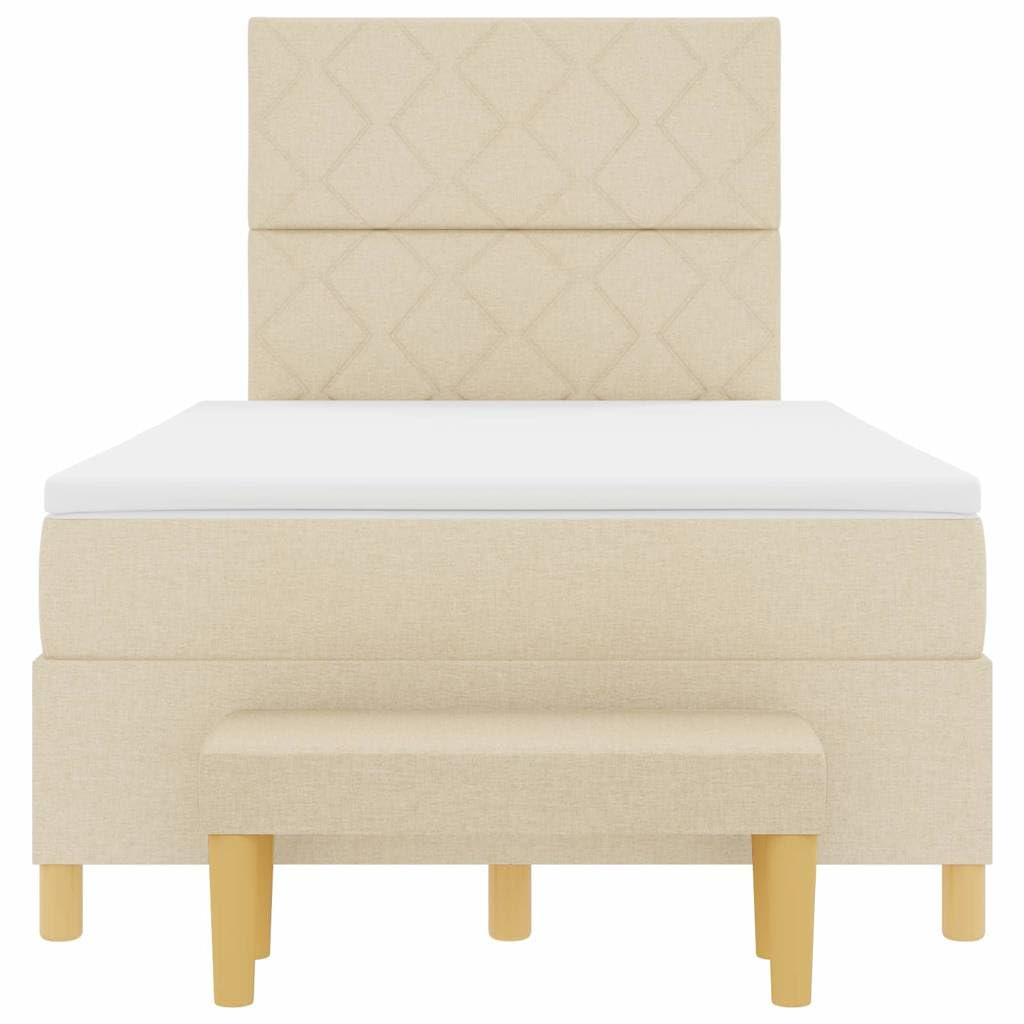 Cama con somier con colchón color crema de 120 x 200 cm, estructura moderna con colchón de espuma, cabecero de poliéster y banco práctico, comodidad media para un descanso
************
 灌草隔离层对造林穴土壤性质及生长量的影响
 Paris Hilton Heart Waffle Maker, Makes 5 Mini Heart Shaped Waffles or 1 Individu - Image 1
************
*Exercise objective*
Above are records; repeat only the lines starting at the line with "灌草隔离层对造林穴土壤性质及生长量的影响" and ending at the line with "Paris Hilton Heart", exactly as they appear, both included.

*Output for this exercise*
 灌草隔离层对造林穴土壤性质及生长量的影响
 Paris Hilton Heart Waffle Maker, Makes 5 Mini Heart Shaped Waffles or 1 Individu - Image 1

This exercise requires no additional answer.